• EXERCISE REQUIREMENTS:
All of the data should be repeated exactly; pictures are not part of the copy.
********************
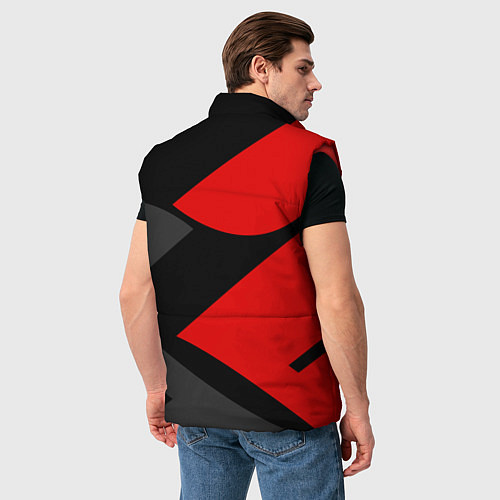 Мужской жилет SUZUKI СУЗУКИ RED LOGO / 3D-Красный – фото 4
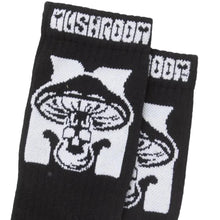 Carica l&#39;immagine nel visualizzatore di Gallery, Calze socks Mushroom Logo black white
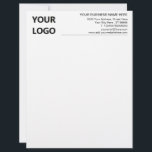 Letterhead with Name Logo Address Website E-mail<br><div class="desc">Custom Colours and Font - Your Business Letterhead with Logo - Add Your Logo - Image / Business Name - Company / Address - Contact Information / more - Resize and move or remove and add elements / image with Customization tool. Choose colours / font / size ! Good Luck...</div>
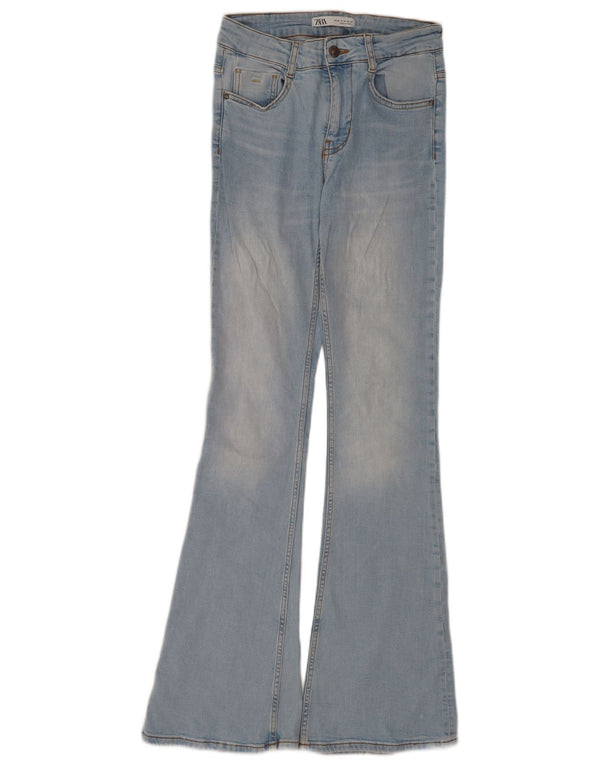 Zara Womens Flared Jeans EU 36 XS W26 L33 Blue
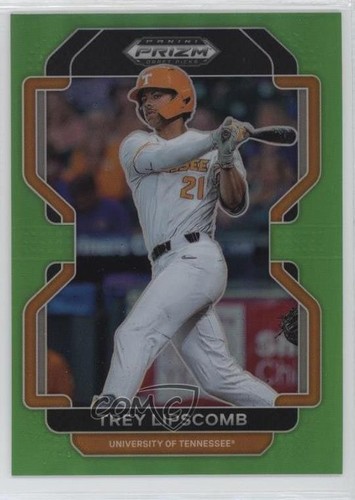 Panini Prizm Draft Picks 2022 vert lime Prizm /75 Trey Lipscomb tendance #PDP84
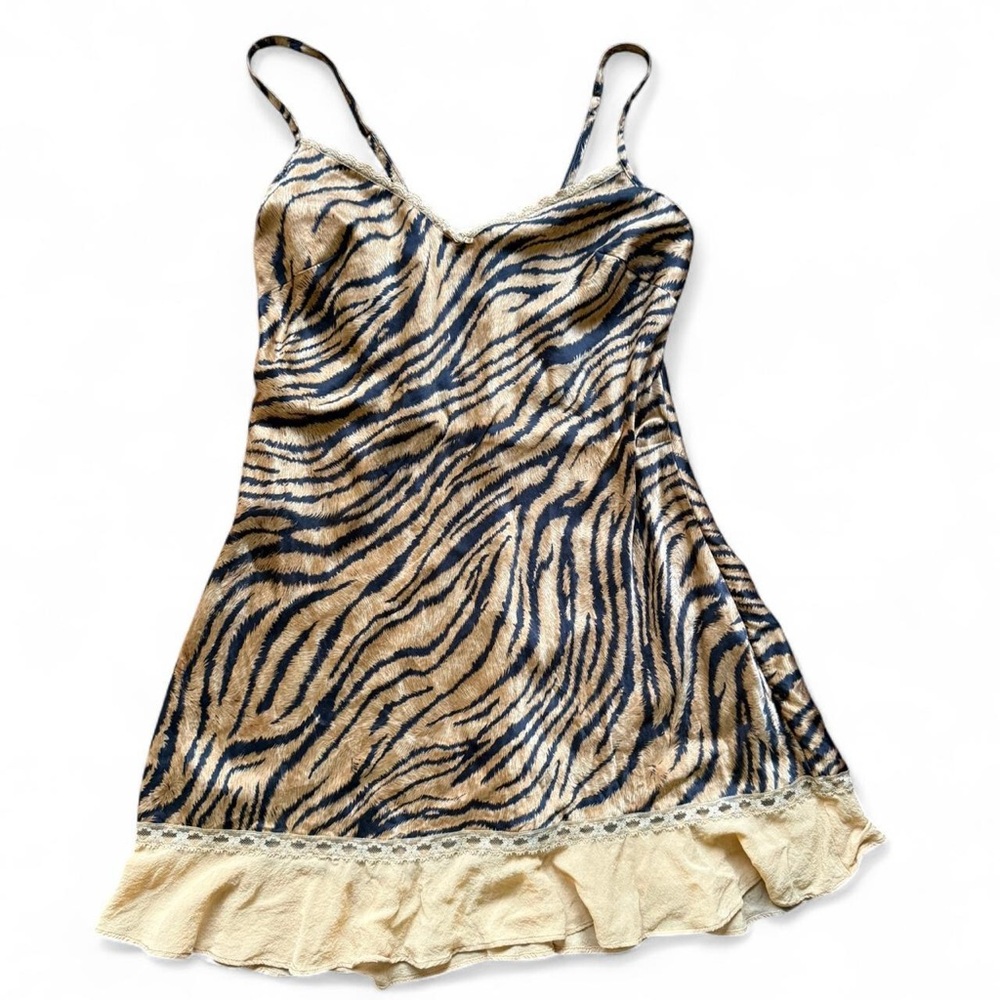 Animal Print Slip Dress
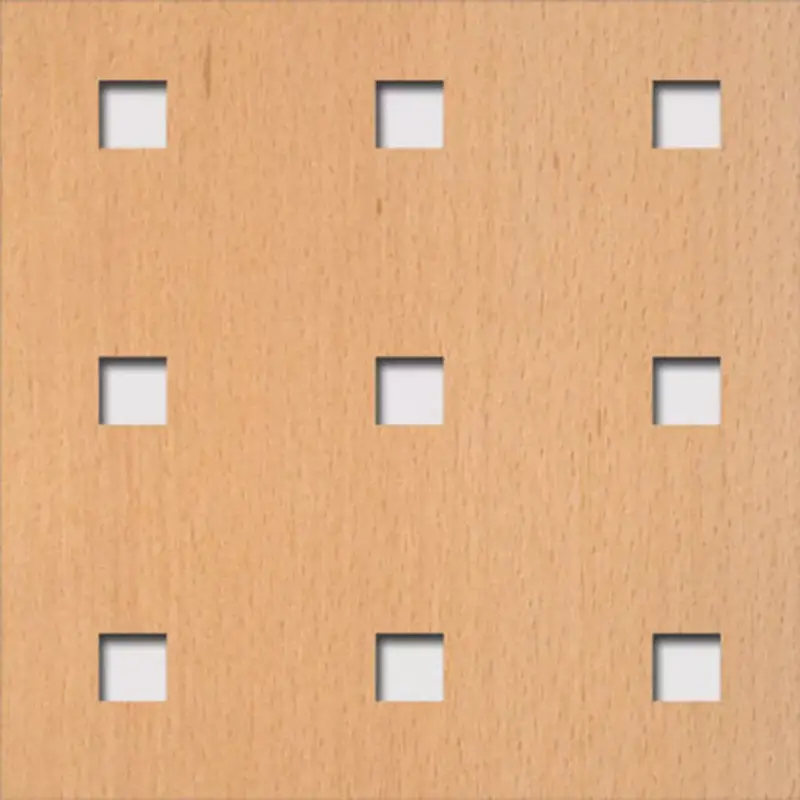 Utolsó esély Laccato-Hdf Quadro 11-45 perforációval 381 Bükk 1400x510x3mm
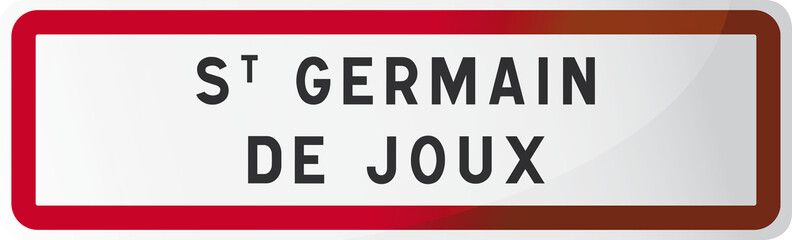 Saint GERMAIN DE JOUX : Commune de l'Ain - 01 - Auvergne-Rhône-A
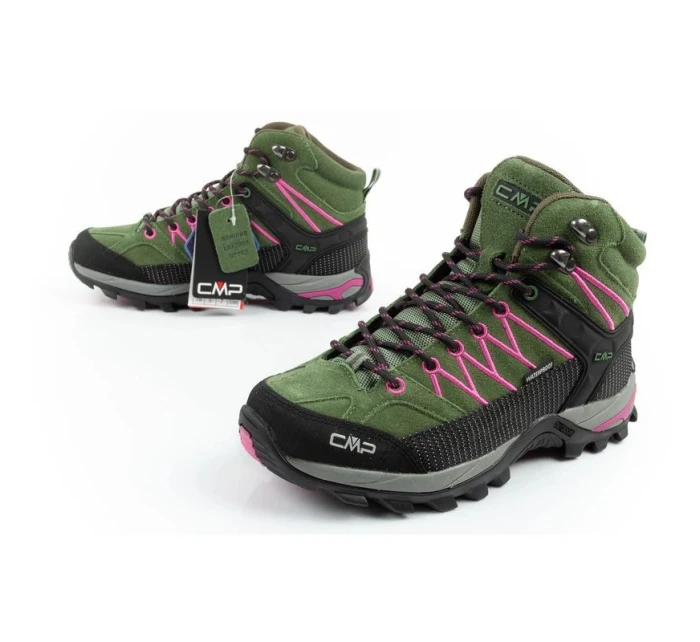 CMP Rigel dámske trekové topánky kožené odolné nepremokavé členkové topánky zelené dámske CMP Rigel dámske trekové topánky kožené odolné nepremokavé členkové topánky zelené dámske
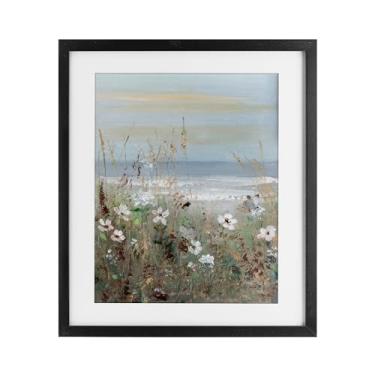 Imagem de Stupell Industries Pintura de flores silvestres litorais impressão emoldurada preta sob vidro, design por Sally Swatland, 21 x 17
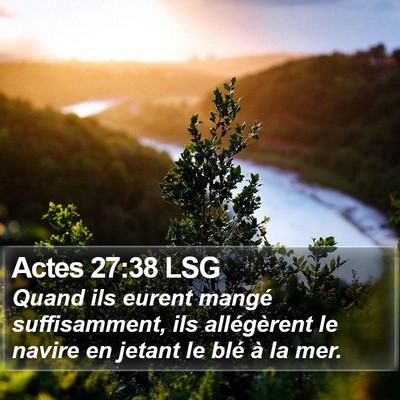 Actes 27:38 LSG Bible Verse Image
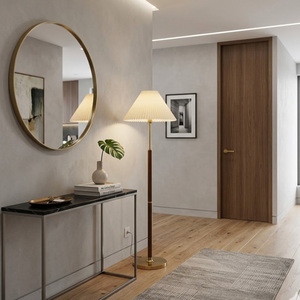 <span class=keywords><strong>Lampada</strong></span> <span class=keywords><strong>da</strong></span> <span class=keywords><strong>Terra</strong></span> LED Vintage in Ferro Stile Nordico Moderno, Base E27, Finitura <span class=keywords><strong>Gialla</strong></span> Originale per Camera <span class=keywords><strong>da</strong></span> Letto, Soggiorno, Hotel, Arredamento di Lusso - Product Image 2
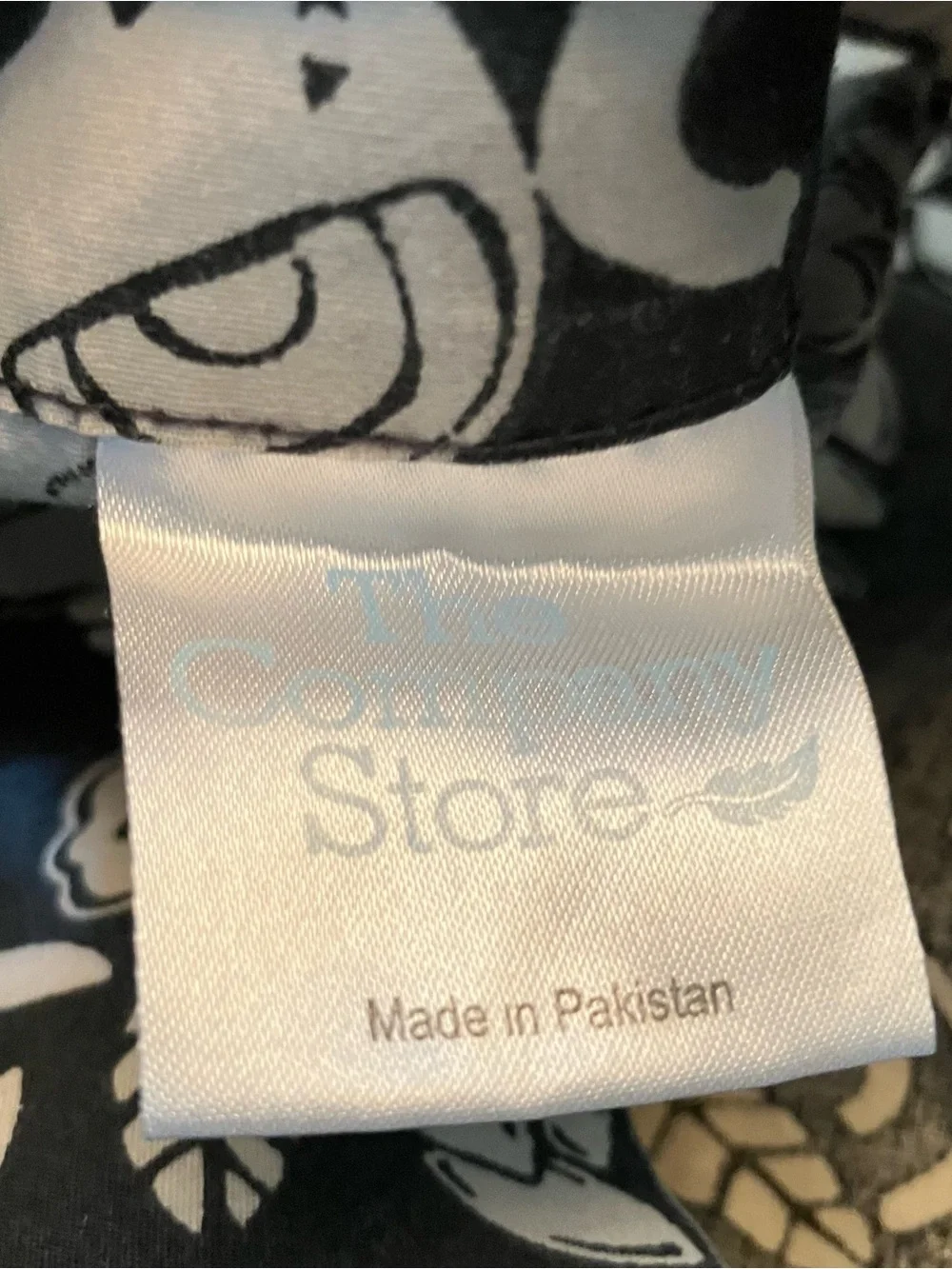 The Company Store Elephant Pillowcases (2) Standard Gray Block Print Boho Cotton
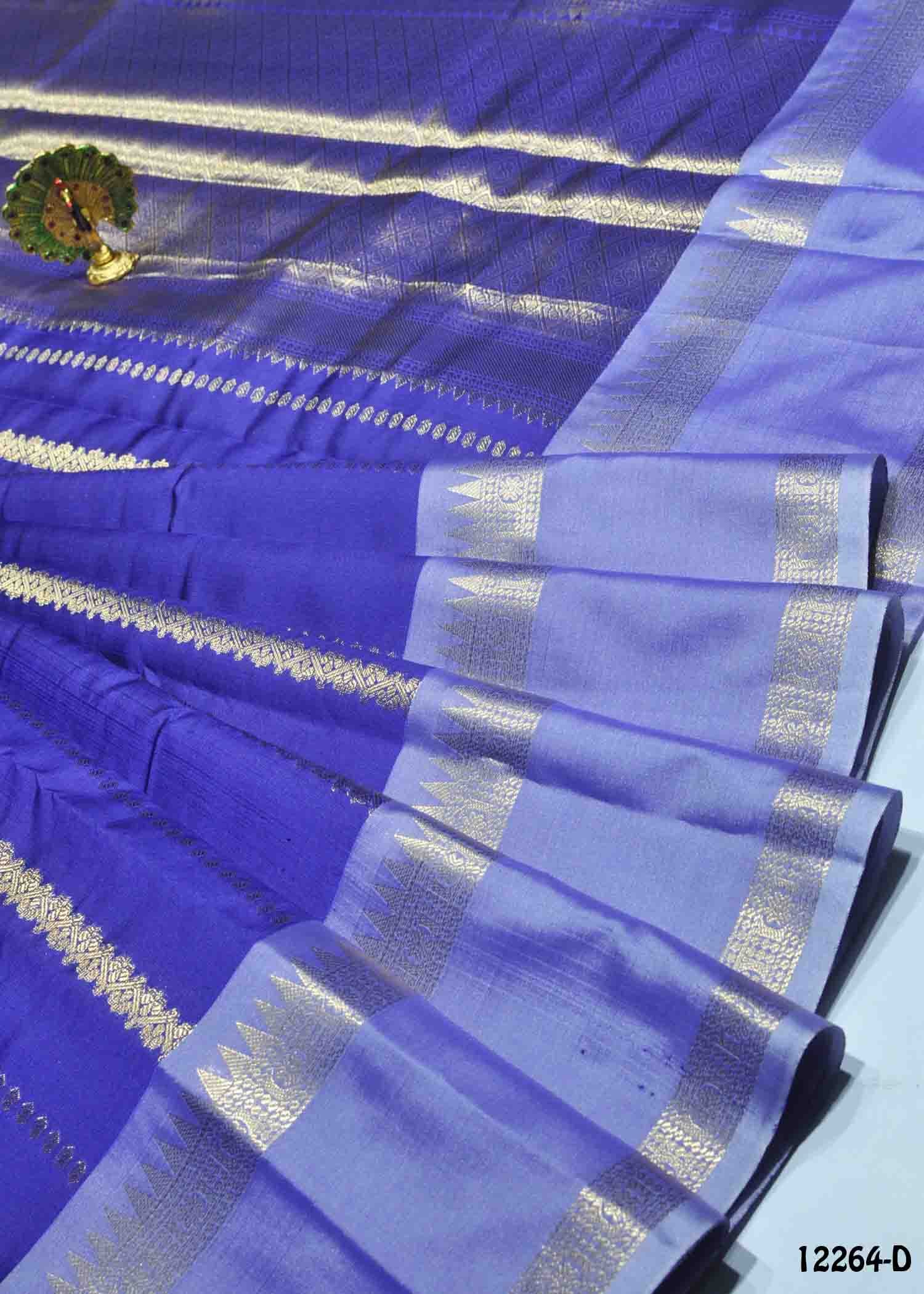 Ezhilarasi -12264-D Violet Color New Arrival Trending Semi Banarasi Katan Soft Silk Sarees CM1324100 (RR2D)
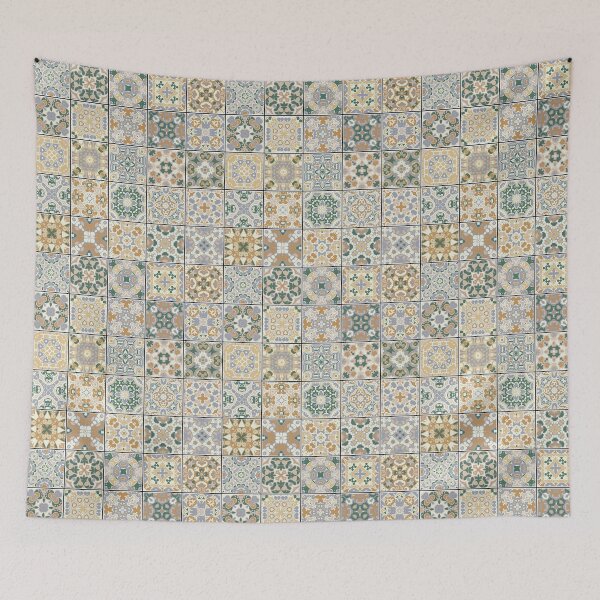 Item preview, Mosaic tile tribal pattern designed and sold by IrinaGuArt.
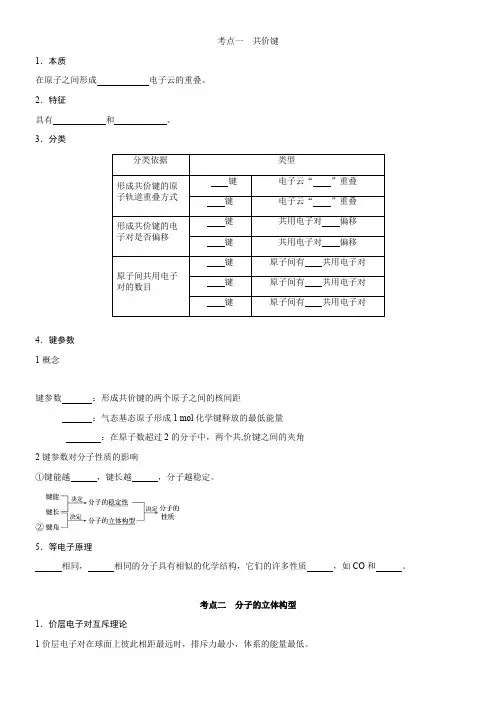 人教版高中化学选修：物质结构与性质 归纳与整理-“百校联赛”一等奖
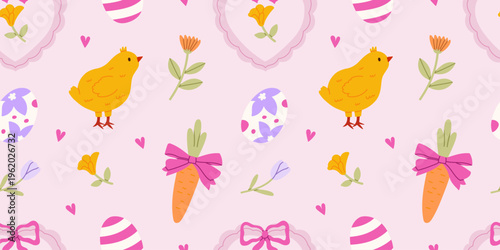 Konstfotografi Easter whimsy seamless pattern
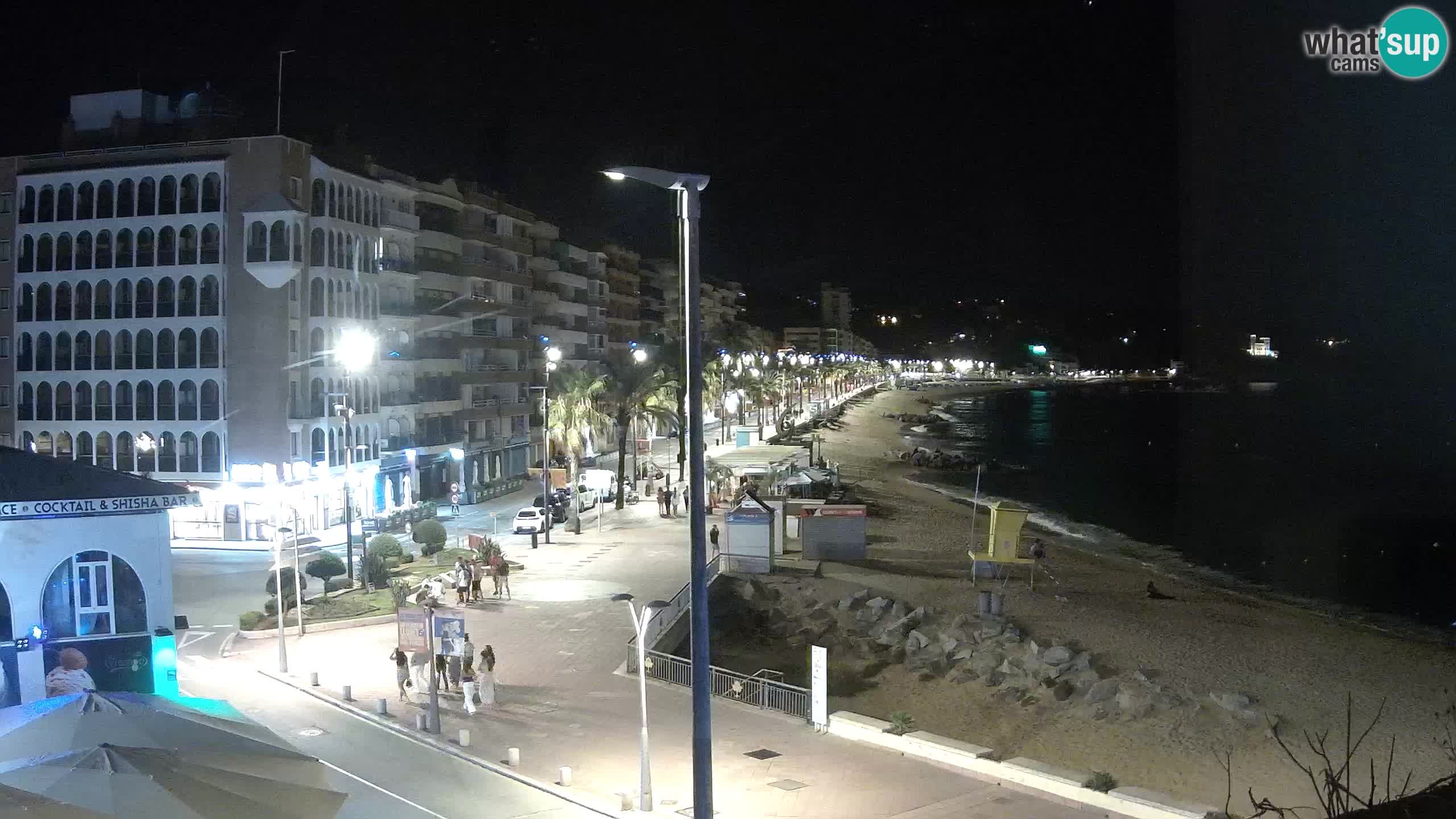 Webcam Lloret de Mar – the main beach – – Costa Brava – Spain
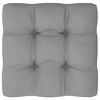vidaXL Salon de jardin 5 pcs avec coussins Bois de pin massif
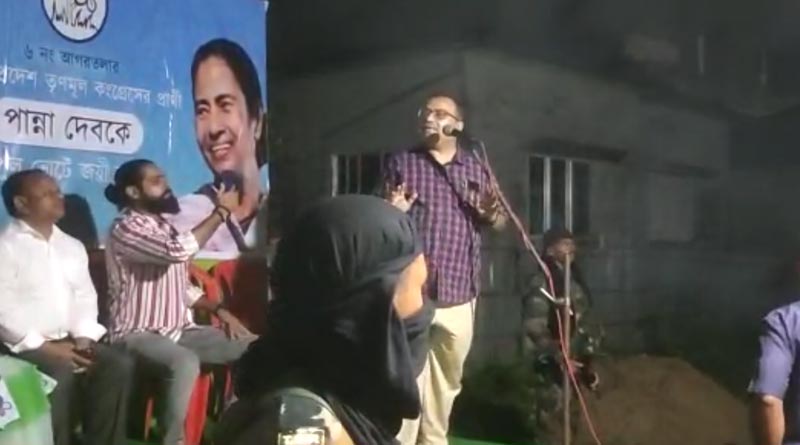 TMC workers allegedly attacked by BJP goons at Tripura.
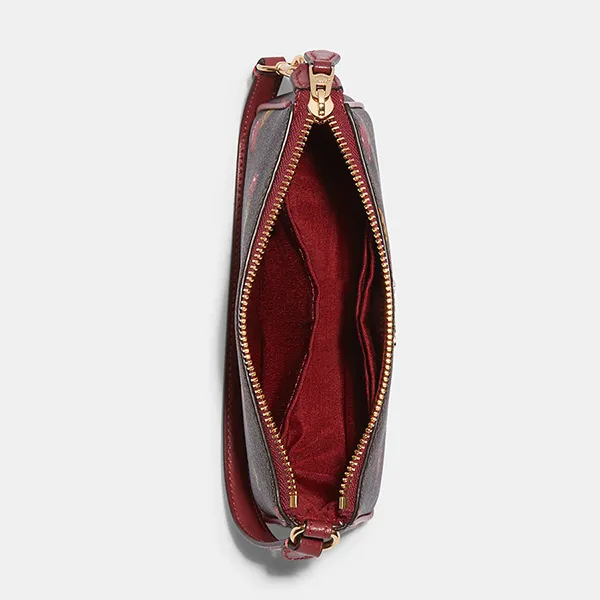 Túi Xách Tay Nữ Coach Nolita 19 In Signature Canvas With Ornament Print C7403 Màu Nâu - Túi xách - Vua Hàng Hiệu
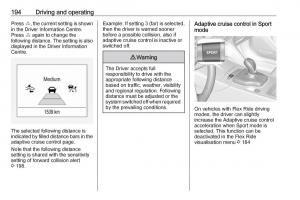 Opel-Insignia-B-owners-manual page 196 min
********************
• THE COMPLETED TASK:
 Мужской жилет SUZUKI СУЗУКИ RED LOGO / 3D-Красный – фото 4
 Carica l&#39;immagine nel visualizzatore di Gallery, Calze socks Mushroom Logo black white
 Letterhead with Name Logo Address Website E-mail<br><div class="desc">Custom Colours and Font - Your Business Letterhead with Logo - Add Your Logo - Image / Business Name - Company / Address - Contact Information / more - Resize and move or remove and add elements / image with Customization tool. Choose colours / font / size ! Good Luck...</div>
 Zara Womens Flared Jeans EU 36 XS W26 L33 Blue
 Panini Prizm Draft Picks 2022 vert lime Prizm /75 Trey Lipscomb tendance #PDP84
 Animal Print Slip Dress
 Utolsó esély Laccato-Hdf Quadro 11-45 perforációval 381 Bükk 1400x510x3mm
 Saint GERMAIN DE JOUX : Commune de l'Ain - 01 - Auvergne-Rhône-A
 CMP Rigel dámske trekové topánky kožené odolné nepremokavé členkové topánky zelené dámske CMP Rigel dámske trekové topánky kožené odolné nepremokavé členkové topánky zelené dámske
 Imagem de Stupell Industries Pintura de flores silvestres litorais impressão emoldurada preta sob vidro, design por Sally Swatland, 21 x 17
 Actes 27:38 LSG Bible Verse Image
 <span class=keywords><strong>Lampada</strong></span> <span class=keywords><strong>da</strong></span> <span class=keywords><strong>Terra</strong></span> LED Vintage in Ferro Stile Nordico Moderno, Base E27, Finitura <span class=keywords><strong>Gialla</strong></span> Originale per Camera <span class=keywords><strong>da</strong></span> Letto, Soggiorno, Hotel, Arredamento di Lusso - Product Image 2
 The Company Store Elephant Pillowcases (2) Standard Gray Block Print Boho Cotton
 Ezhilarasi -12264-D Violet Color New Arrival Trending Semi Banarasi Katan Soft Silk Sarees CM1324100 (RR2D)
 Item preview, Mosaic tile tribal pattern designed and sold by IrinaGuArt.
 人教版高中化学选修：物质结构与性质 归纳与整理-“百校联赛”一等奖
 Konstfotografi Easter whimsy seamless pattern
 Webcam Lloret de Mar – the main beach – – Costa Brava – Spain
vidaXL Salon de jardin 5 pcs avec coussins Bois de pin massif
 TMC workers allegedly attacked by BJP goons at Tripura.
 Túi Xách Tay Nữ Coach Nolita 19 In Signature Canvas With Ornament Print C7403 Màu Nâu - Túi xách - Vua Hàng Hiệu
 Opel-Insignia-B-owners-manual page 196 min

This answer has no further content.